Compositional dependence of crystallization and structural stability in Ge-Sb-Se chalcogenide films

We systematically investigated the structural properties of as-deposited and annealed GexSbySez (x + y + z = 100, 9.5 ≤ x ≤ 59, 6.2 ≤ y ≤ 42.9, 34.8 ≤ z ≤ 51.5) chalcogenide films. For films with x < 34.5, some main SbSb homopolar bonds as well as SbSe heteropolar bonds appeared in the as-deposited films, while increasing the Ge content replaced some Se atoms, forming GeSe heteropolar bonds, which increased the optical band gap.
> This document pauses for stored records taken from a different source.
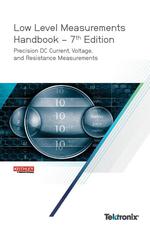Low Level Measurements Handbook - 7th Edition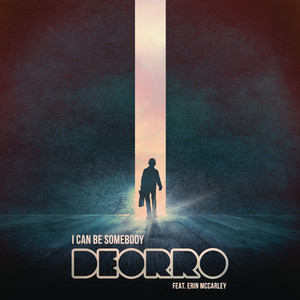 Écouter "I Can Be Somebody" de Deorro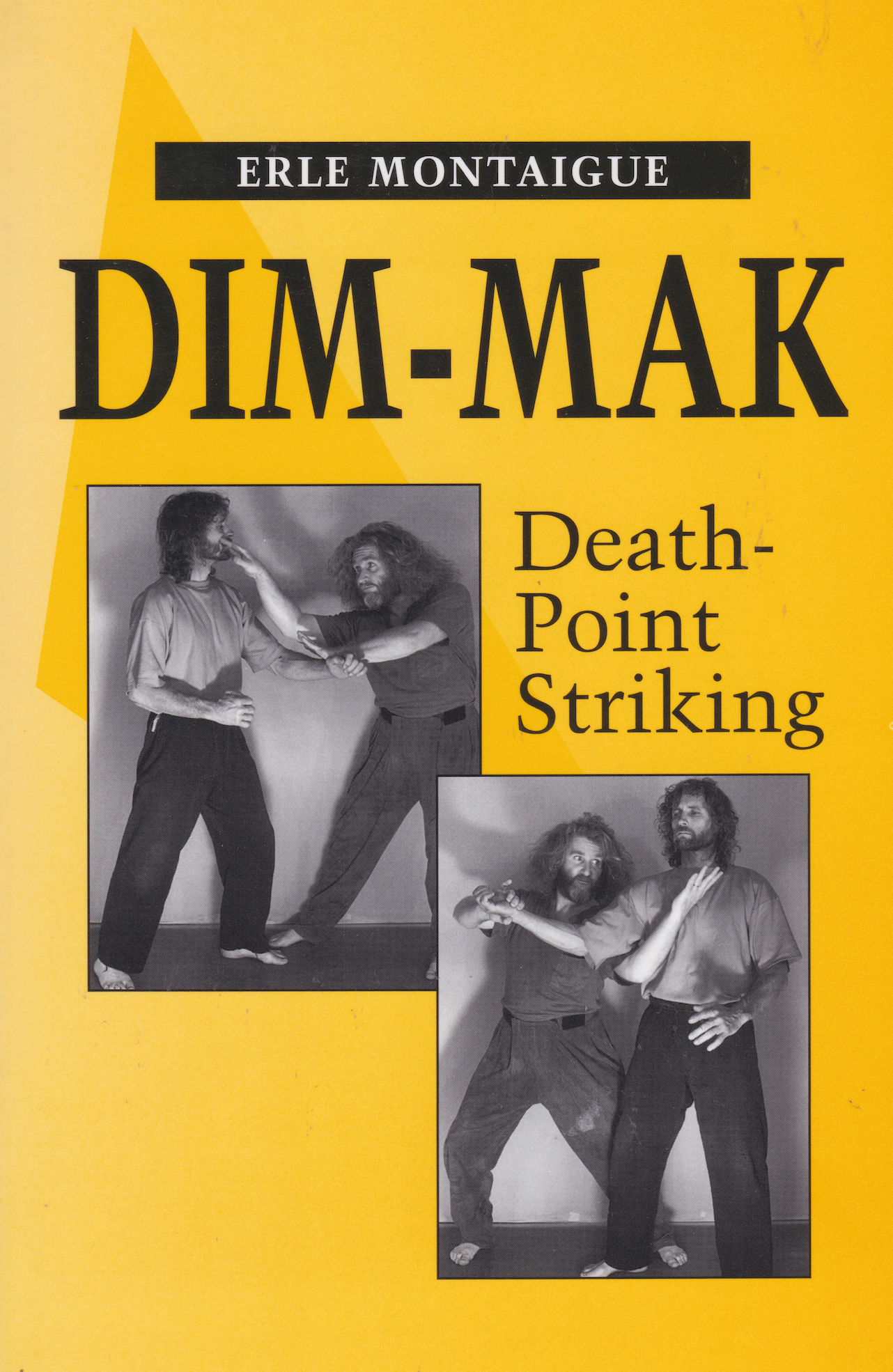 Dim-Mak: Death Point Striking Book by Erle Montaigue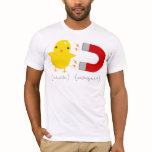 Chick Magnet! Tshirt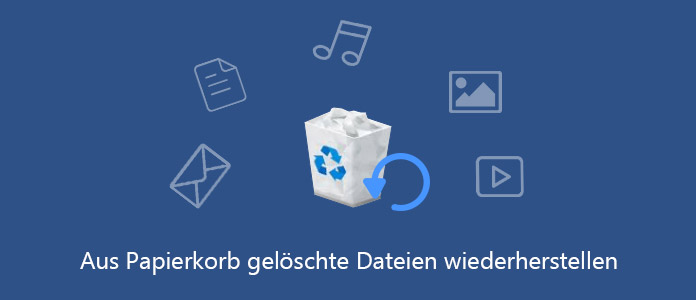 Aus Papierkorb gelöschte Dateien wiederherstellen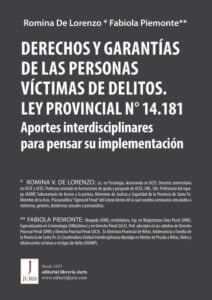 Publication 13 DERECHOS Y GARANTÍAS DE LAS PERSONAS VÍCTIMAS DE DELITOS. Ley N° 14181 -provincia de Santa Fe-. Aportes interdisciplinares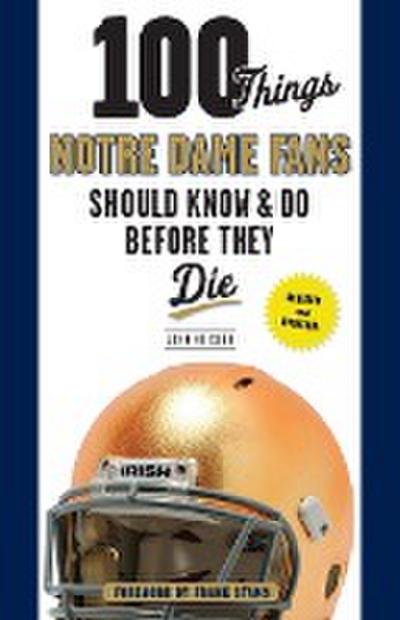 100 Things Notre Dame Fans Should Know & Do Before They Die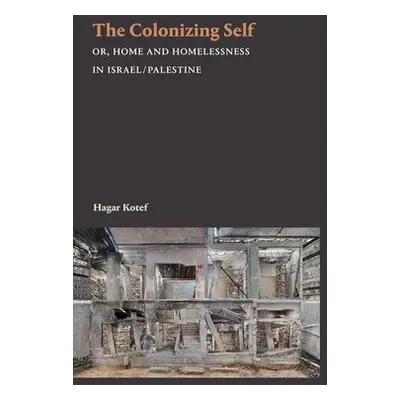 Colonizing Self - Kotef, Hagar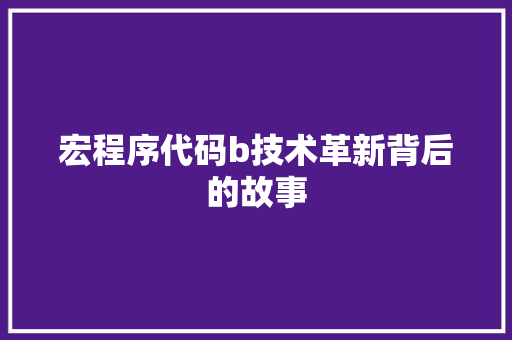宏程序代码b技术革新背后的故事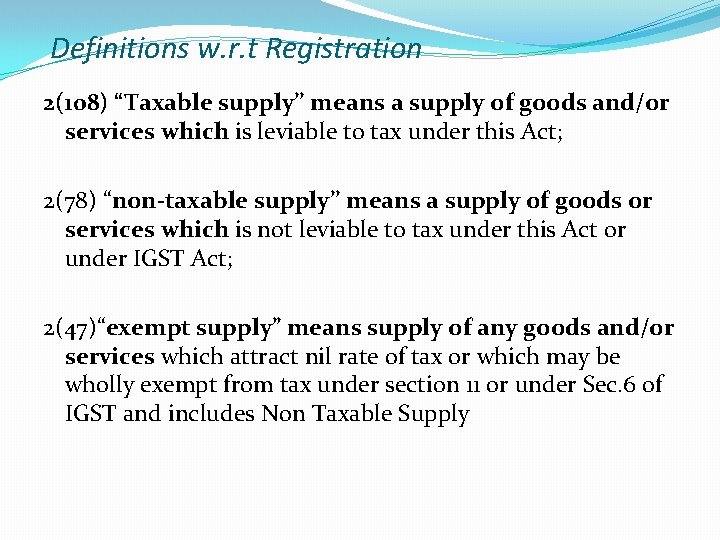Definitions w. r. t Registration 2(108) “Taxable supply’’ means a supply of goods and/or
For films with x ≥ 34.5, the structures of the as-deposited films were dominated by GeGe and SeSe homopolar bonds. The annealed Ge-Sb-Se films exhibited a phase transition from amorphous to crystalline for phase-change memory. We ascribed the crystal grains of the GexSbySez films (x = 9.5, 12.8) to be the Sb phase, while we confirmed those of the films (x = 14.2, 21.3, 22.9, 25.2) to be a mixture of Sb and Sb2Se3 phases. The films with high Ge content (x = 40.2, 59) exhibited a stable amorphous phase for optical waveguide application.